Erika Harold, a likely Republican congressional candidate in Illinois
Erika Harold, a likely Republican congressional candidate in Illinois
Associated Press

There are a few odd political stories in the news today, but this one has to be one of the more offensive.

A county Republican Party chairman in central Illinois called a black female congressional candidate the “love child” of the Democratic party; a “street walker” whose “pimps” are party leaders; and suggested that after the election, she will be “working for some law firm that needs to meet their quota for minority hires.”

And it’s a Republican candidate he’s talking about.

Rep. Rodney Davis (R) already represents Illinois’ 13th congressional district, which is generally pretty friendly to Republicans. That said, Davis won the election by the skin of his teeth – he won by literally just 1,002 votes – and Democrats see this district as a key 2014 pick-up opportunity.

Enter Erika Harold, a former Miss America and Harvard Law grad, who hopes to challenge Davis for the Republican nod next year.

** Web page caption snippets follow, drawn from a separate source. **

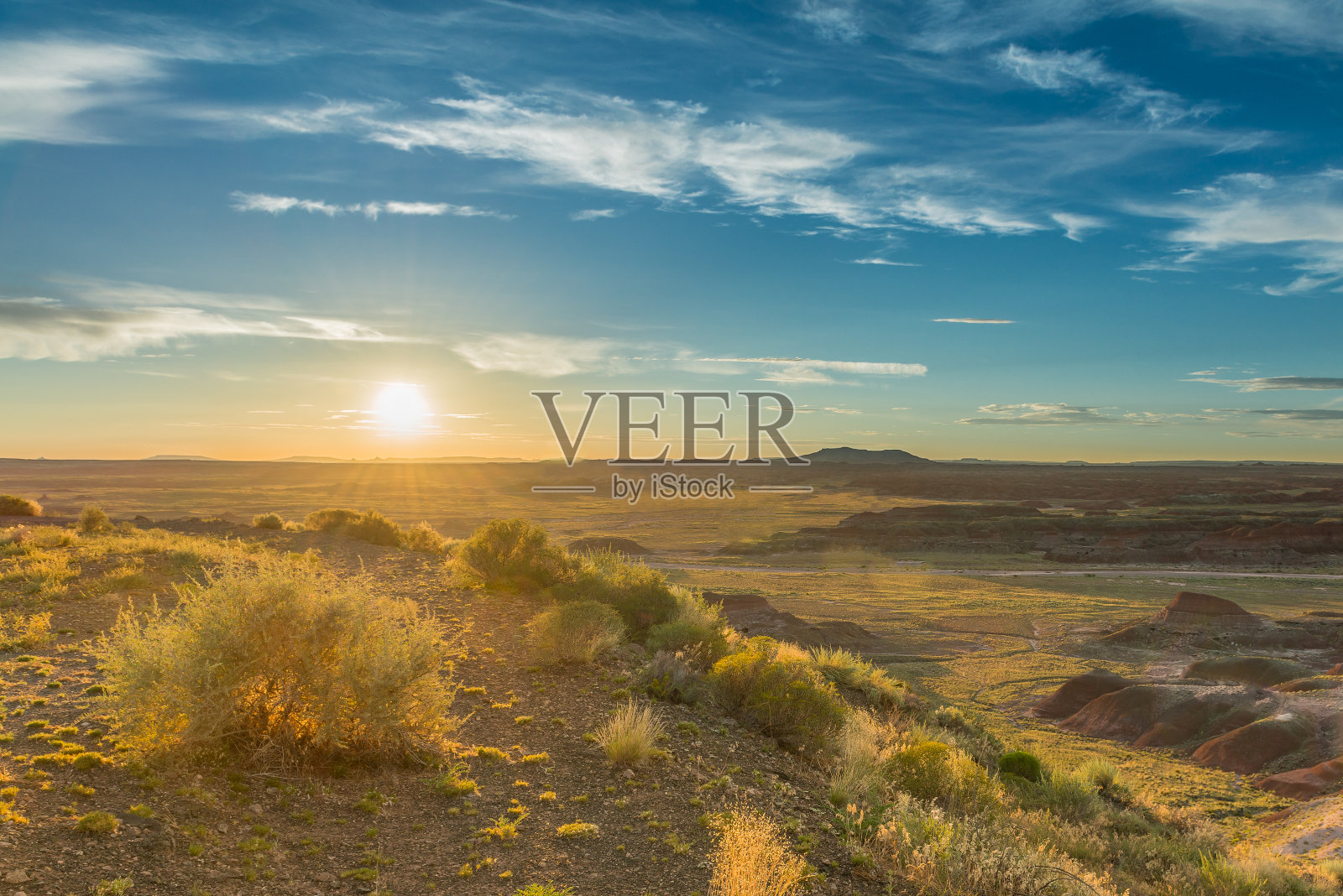 亚利桑那州石化森林国家公园Pintado Point的日落。照片摄影图片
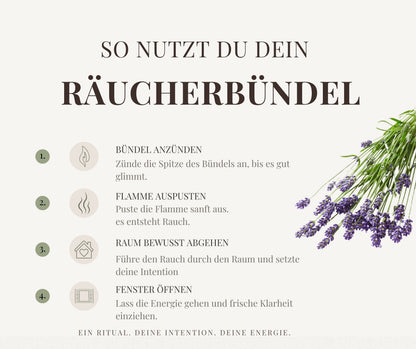 Lavendel Räucherbündel - Reines Lavendel Räucherwerk
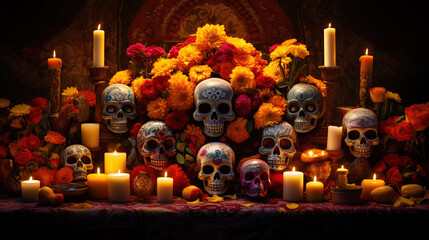 Decorated Dia de los Muertos altar with marigold flowers and Vibrant sugar skull makeup on. Day of Dead traditional decoration. Generative Ai. - obrazy, fototapety, plakaty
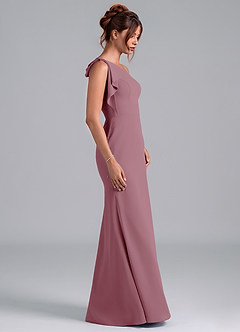 Azazie Rinna Bridesmaid Dresses Vintage Mauve Mermaid One Shoulder Chiffon Dress image5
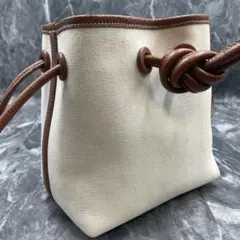 人気✨VASIC ボンドミニ ホワイト キャンバス 巾着 ハンドバッグ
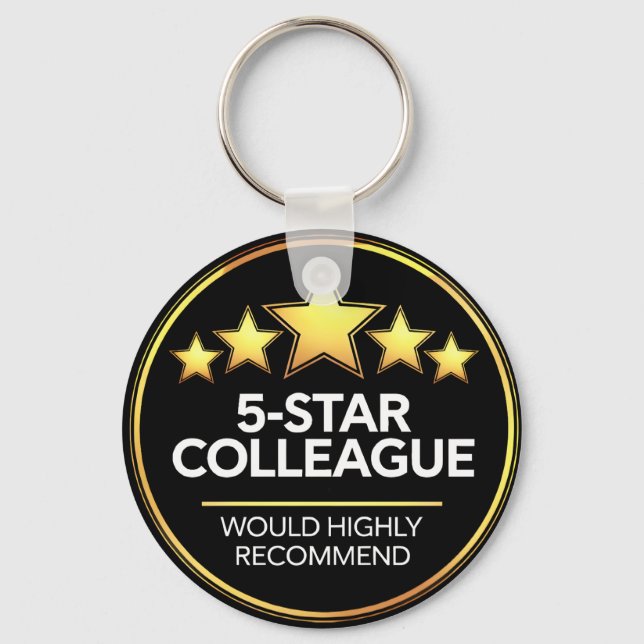 Five Star Colleague, Workmate Gift, Review Keychain (Front)
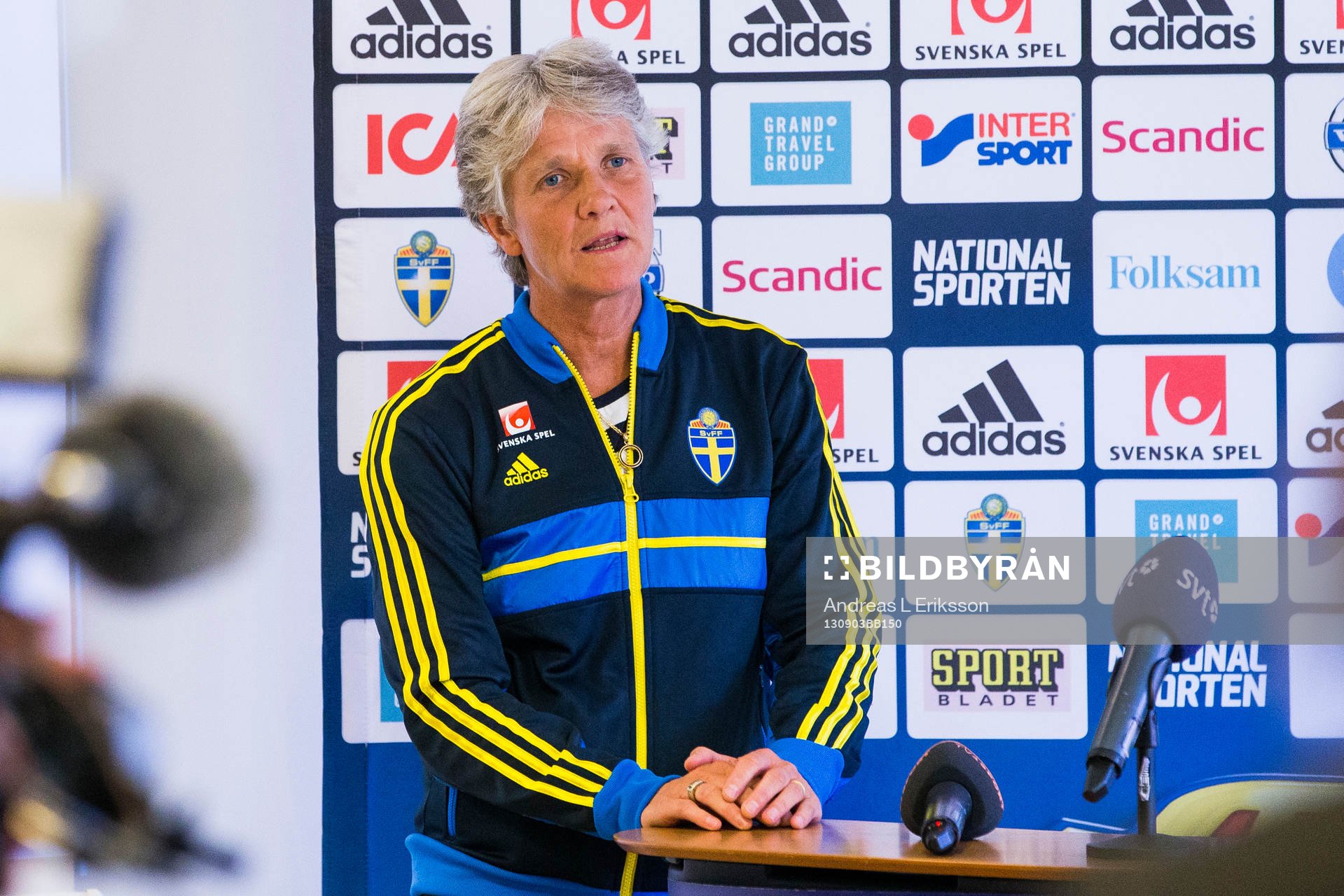 Sveriges förbundskapten Pia Sundhage pressenterar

To be sure, these kinds of intra-party disputes often get contentious, but Montgomery County GOP Chairman Jim Allen has taken this to an unfortunate level. Consider exactly what he said in print about the likely candidate: “Rodney Davis will win and the love child of the D.N.C. will be back in S—cago [Expletive deleted] by May of 2014 working for some law firm that needs to meet their quota for minority hires…. Miss queen is being used like a street walker and her pimps are the DEMOCRAT PARTY and RINO REPUBLICANS.”

I can appreciate why some ugly rant from an obscure country GOP official may seem forgettable, but there’s something about this tirade that summarizes a larger problem for some elements of the right. What Allen said is racist and misogynistic and deliberately alienating towards moderates, all at the same time.

A spokesperson for Rep. Davis distanced the congressman from Allen’s message, calling it “misguided.”

Good move.

Update: Republican National Committee Chairman Reince Priebus today described Allen’s comments as “astonishingly offensive,” and called for his resignation.

Second Update: By late this afternoon, Allen did in fact resign his post.